• [TASK REQUIREMENTS] Could the records below please be retyped exactly, with their pictures left out?

• [INPUT FOR THIS TASK]
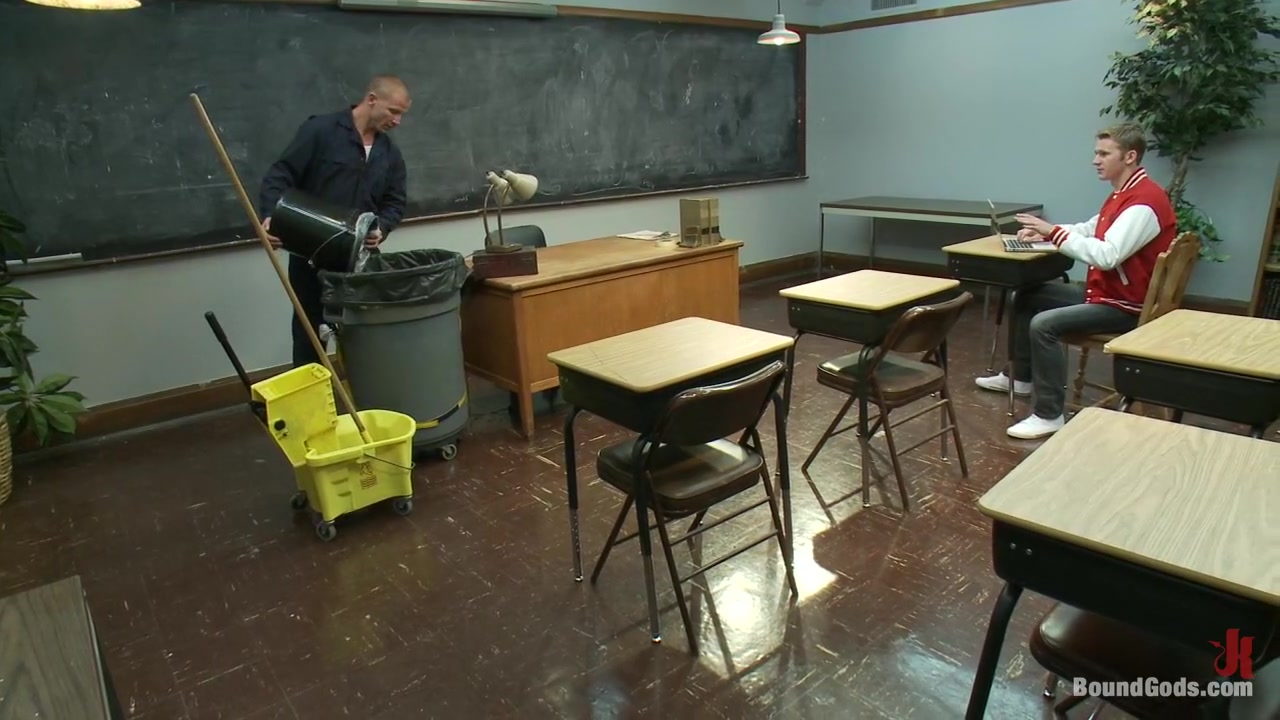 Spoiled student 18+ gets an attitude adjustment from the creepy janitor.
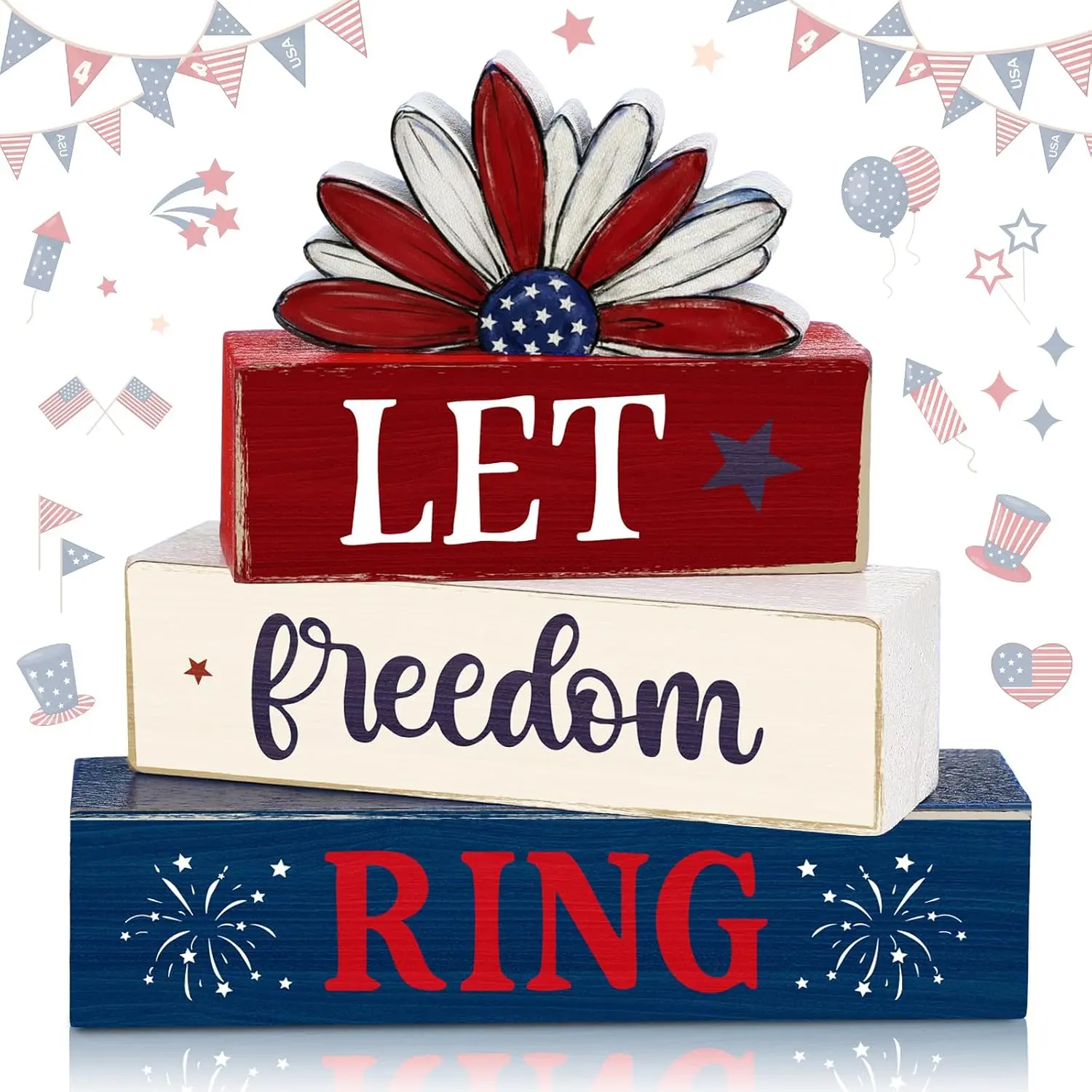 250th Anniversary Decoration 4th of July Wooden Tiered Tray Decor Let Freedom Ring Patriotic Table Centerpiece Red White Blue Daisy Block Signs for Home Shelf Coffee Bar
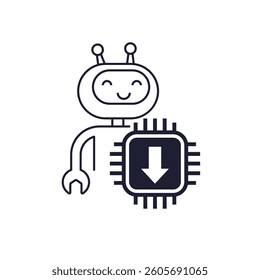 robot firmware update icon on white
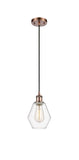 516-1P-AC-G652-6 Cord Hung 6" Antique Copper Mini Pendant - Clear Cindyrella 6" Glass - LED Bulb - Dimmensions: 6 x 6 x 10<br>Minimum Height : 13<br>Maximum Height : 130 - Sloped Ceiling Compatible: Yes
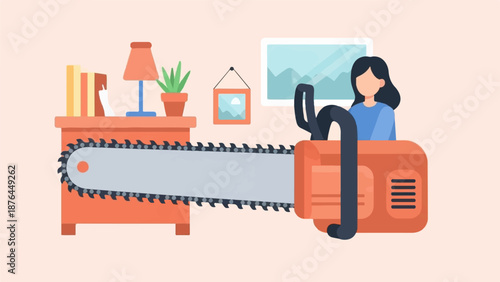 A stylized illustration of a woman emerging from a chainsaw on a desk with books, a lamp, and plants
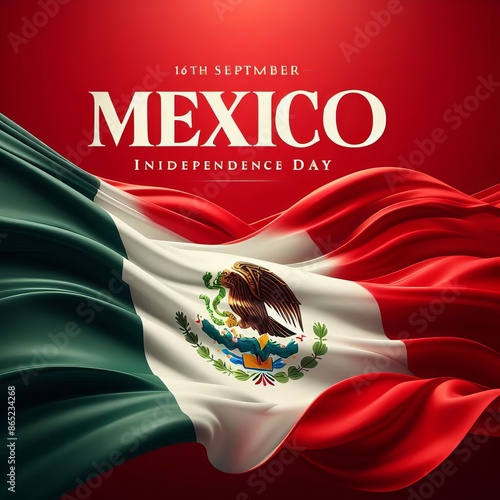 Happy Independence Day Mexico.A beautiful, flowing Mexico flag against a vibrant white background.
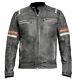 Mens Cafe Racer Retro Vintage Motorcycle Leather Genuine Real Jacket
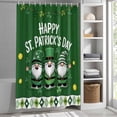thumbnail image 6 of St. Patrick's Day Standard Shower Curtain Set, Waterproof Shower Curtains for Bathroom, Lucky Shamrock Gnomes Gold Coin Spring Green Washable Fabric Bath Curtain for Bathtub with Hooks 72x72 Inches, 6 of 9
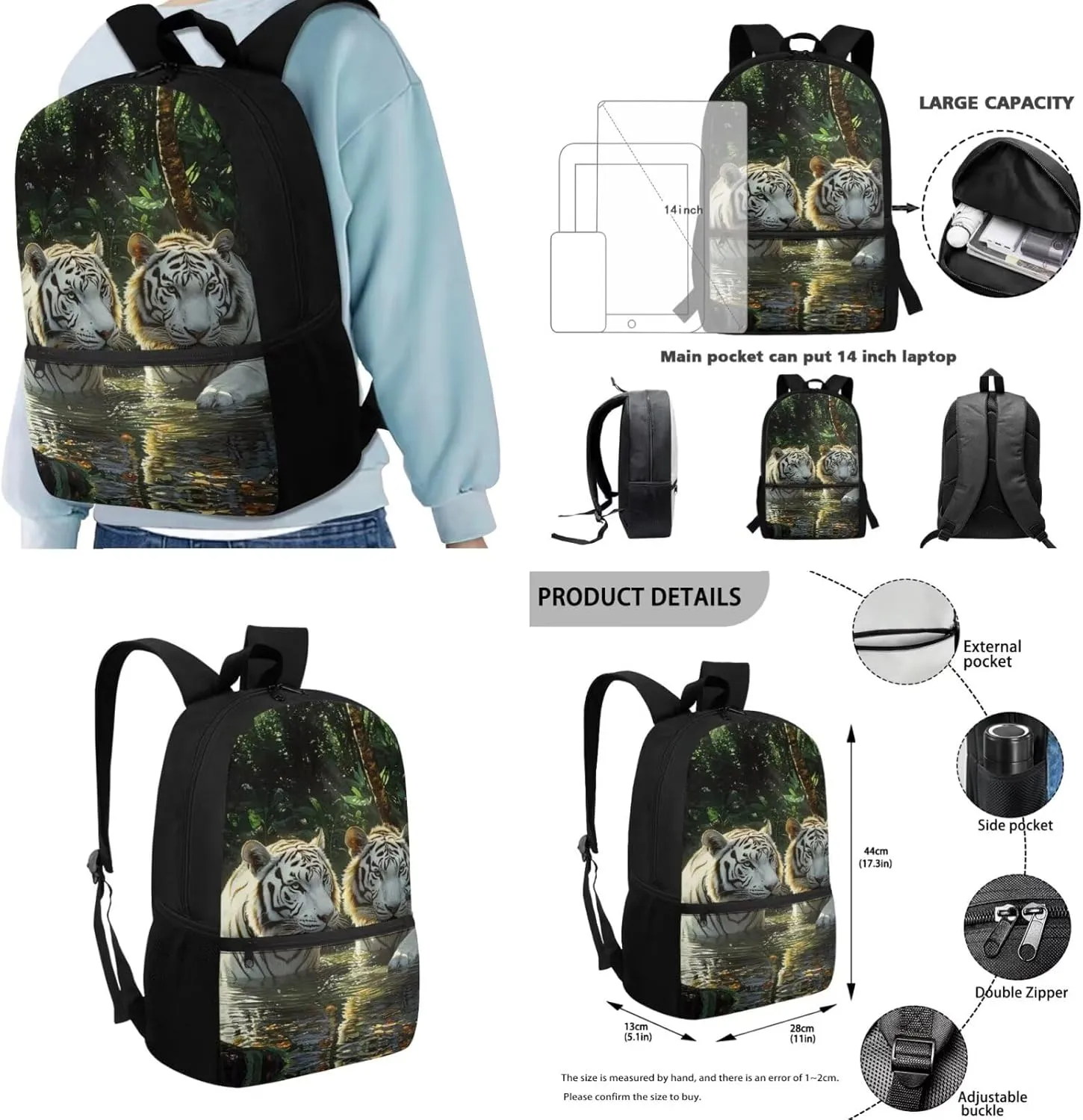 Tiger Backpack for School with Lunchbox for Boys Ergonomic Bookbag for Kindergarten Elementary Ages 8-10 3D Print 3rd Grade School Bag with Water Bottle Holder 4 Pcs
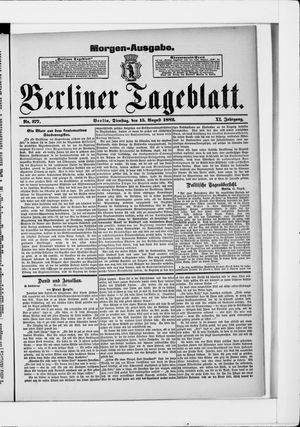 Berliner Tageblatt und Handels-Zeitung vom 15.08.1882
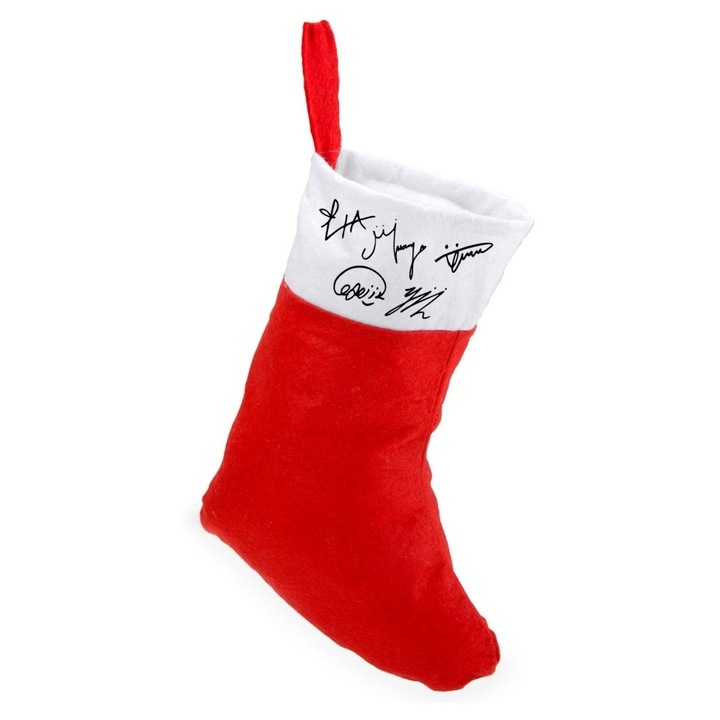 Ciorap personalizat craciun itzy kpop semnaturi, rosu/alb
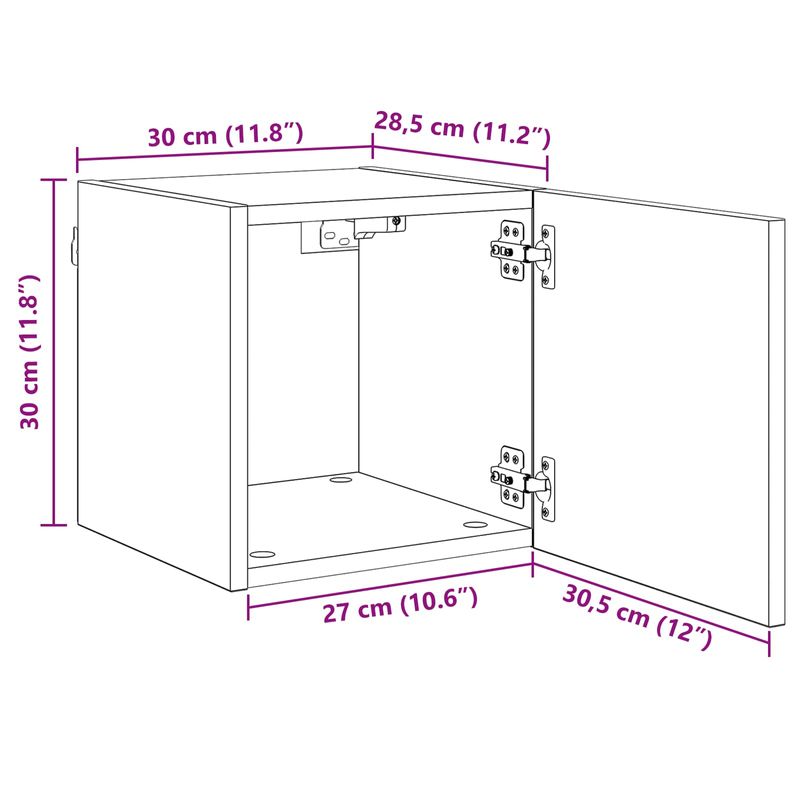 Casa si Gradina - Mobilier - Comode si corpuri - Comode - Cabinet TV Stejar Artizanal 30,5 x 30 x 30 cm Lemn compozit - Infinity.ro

• [FINISHED EXERCISE]
 Spoiled student 18+ gets an attitude adjustment from the creepy janitor.
 250th Anniversary Decoration 4th of July Wooden Tiered Tray Decor Let Freedom Ring Patriotic Table Centerpiece Red White Blue Daisy Block Signs for Home Shelf Coffee Bar
 robot firmware update icon on white
 516-1P-AC-G652-6 Cord Hung 6" Antique Copper Mini Pendant - Clear Cindyrella 6" Glass - LED Bulb - Dimmensions: 6 x 6 x 10<br>Minimum Height : 13<br>Maximum Height : 130 - Sloped Ceiling Compatible: Yes
 A stylized illustration of a woman emerging from a chainsaw on a desk with books, a lamp, and plants
 Happy Independence Day Mexico.A beautiful, flowing Mexico flag against a vibrant white background.
 Mens Cafe Racer Retro Vintage Motorcycle Leather Genuine Real Jacket
thumbnail image 6 of St. Patrick's Day Standard Shower Curtain Set, Waterproof Shower Curtains for Bathroom, Lucky Shamrock Gnomes Gold Coin Spring Green Washable Fabric Bath Curtain for Bathtub with Hooks 72x72 Inches, 6 of 9
 Tiger Backpack for School with Lunchbox for Boys Ergonomic Bookbag for Kindergarten Elementary Ages 8-10 3D Print 3rd Grade School Bag with Water Bottle Holder 4 Pcs
 Berliner Tageblatt und Handels-Zeitung vom 15.08.1882
 Ciorap personalizat craciun itzy kpop semnaturi, rosu/alb
 Casa si Gradina - Mobilier - Comode si corpuri - Comode - Cabinet TV Stejar Artizanal 30,5 x 30 x 30 cm Lemn compozit - Infinity.ro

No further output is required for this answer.